**MATERIAL SUPPLIED**
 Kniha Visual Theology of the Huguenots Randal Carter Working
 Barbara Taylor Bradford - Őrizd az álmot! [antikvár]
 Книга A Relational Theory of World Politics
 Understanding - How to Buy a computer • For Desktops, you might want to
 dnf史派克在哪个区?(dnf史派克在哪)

...

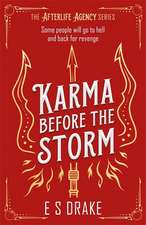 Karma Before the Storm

...

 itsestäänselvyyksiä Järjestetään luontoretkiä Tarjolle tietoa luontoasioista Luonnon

**ABOUT THIS EXERCISE**
Write out exactly the lines above from the line with "Kniha Visual Theology" through the line with "dnf史派克在哪个区?(dnf史派克在哪)", both of them included, and leave out all other lines.

**OUTPUT FOR THIS EXERCISE**
 Kniha Visual Theology of the Huguenots Randal Carter Working
 Barbara Taylor Bradford - Őrizd az álmot! [antikvár]
 Книга A Relational Theory of World Politics
 Understanding - How to Buy a computer • For Desktops, you might want to
 dnf史派克在哪个区?(dnf史派克在哪)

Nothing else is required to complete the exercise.